Begin by answering the questions, even if you have to guess. The first time you answer the questions you will not be told whether you are correct or not.
Once you have answered all the questions, answer them again using the simulation to help you. This time you will get feedback about each individual answer.
This simulation lets you explore various aspects of sampling distributions. When it begins, a histogram of a normal distribution is displayed at the topic of the screen.
The distribution portrayed at the top of the screen is the population from which samples are taken. The mean of the distribution is indicated by a small blue line and the median is indicated by a small purple line. Since the mean and median are the same, the two lines overlap. The red line extends from the mean one standard deviation in each direction. Note the correspondence between the colors used on the histogram and the statistics displayed to the left of the histogram.
The second histogram displays the sample data. This histogram is initially blank. The third and fourth histograms show the distribution of statistics computed from the sample data. The number of samples (replications) that the third and fourth histograms are based on is indicated by the label “Reps=.”
The simulation is set to initially sample five numbers from the population, compute the mean of the five numbers, and plot the mean. Click the “Animated sample” button and you will see the five numbers appear in the histogram. The mean of the five numbers will be computed and the mean will be plotted in the third histogram. Do this several times to see the distribution of means begin to be formed. Once you see how this works, you can speed things up by taking 5, 1,000, or 10,000 samples at a time.
Choosing a statistic
The following statistics can be computed from the samples by choosing form the pop-up menu:
1. Mean: Mean
2. sd: Standard deviation of the sample (N is used in the denominator)
3. Variance: Variance of the sample (N is used in the denominator)
4. variance (U): Unbiased estimate of variance (N-1 is used in denominator)
5. MAD: Mean absolute value of the deviation from the mean
6. Range: Range
Selecting a sample size
The size of each sample can be set to 2, 5, 10, 16, 20 or 25 from the pop-up menu. Be sure not to confuse sample size with number of samples.
Comparison to a normal distribution
By clicking the “Fit normal” button you can see a normal distribution superimposed over the simulated sampling distribution.
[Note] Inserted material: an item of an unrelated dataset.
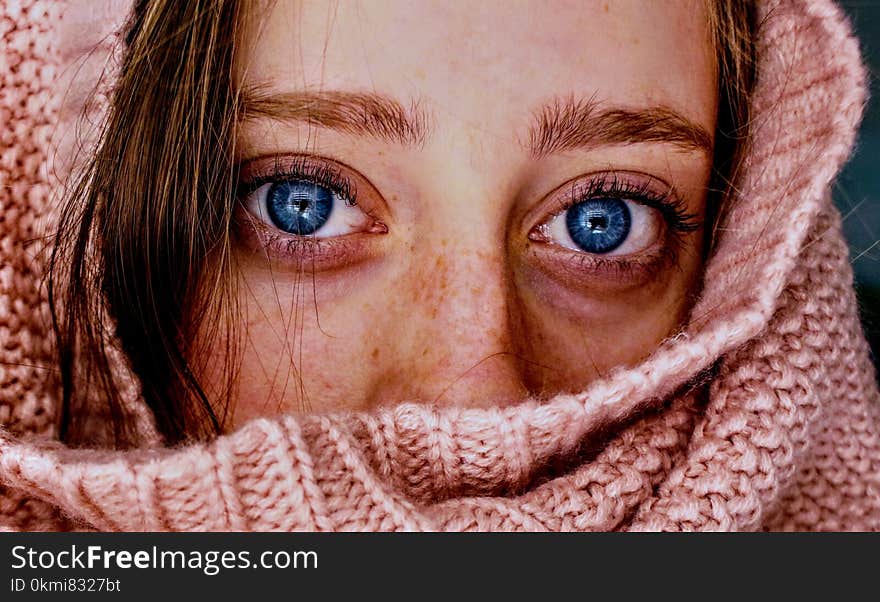 Woman With Blue Eyes Wrapped in a Pink Cloth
Changing the population distribution
You can change the population by clicking on the top histogram with the mouse and dragging.
Step By Step Instructions
1. First refresh your memory about the meaning of the sampling distribution of the mean by clicking the “animate” button. You will see five scores sampled from the population at the top and float down to the sample data graph. The mean of these five scores is shown in blue and drops down to the graph below which is where the distribution of means is shown. Do this a few more times and then click the 10,000 button several times to see the distribution of means for a large number of samples. Various statistics are shown to the left of the distribution. Compare the mean of the distribution of means to the population mean of 16. It should be very close, but may not match exactly because the simulated distribution of means is just an approximation of the sampling distribution.
2. Test to see if the mean the distribution of means for N=10 is equal to the population mean (keep in mind, since this is an approximation, it may not be exactly equal). If it is equal then the mean is an unbiased estimate.
3. Change the parent population to the “skewed distribution” and see if the mean of the distribution of means is equal to the population mean of 8.08. If so, the mean is unbiased for this skewed distribution.
4. Choose the median as the statistic. Try some simulations with the normal distribution. If the sample median is an unbiased estimate of the population median, then the mean of the distribution of the median will equal the median of the population.
5. Try some simulations with the skewed distribution and check with the median is a biased estimate.
6. Choose the variance as the statistic. Estimate the distribution of the variance and not its shape.
7. Set the sample size to 5 and use the normal population. Estimate the sampling distribution of the variance with the simulation. Note whether the mean is equal to the population variance of 25.
8. Choose the mean for one graph and the median for the other. Make the sample size the same for both graphs and estimate the sampling distributions. Compare the spreads of the distributions. The standard deviation of the distributions are the standard errors of the mean and median respectively. Which statistic has the smaller standard error? Try this with different sample sizes. For sample size 25, note the ratio of the standard error of the median to the standard error of the mean.
9. Compare the standard errors for the mean and the median with the skewed distribution. Try several sample sizes.
10. Try different shapes of distributions and not the relative sizes of the standard errors of the mean and median.
The mean is an unbiased estimate of the population mean regardless of the shape of the population distribution. The median is an unbiased estimate for normal distributions but not for skewed distributions. When the formula with N in the denominator is used to estimate variance, the mean of the sampling distribution is less than the population variance and is therefore a biased estimate. The mean has less sample variability than the median for most distributions including those with relatively large skew. However, there are some extreme distributions for which the median has less sample variability.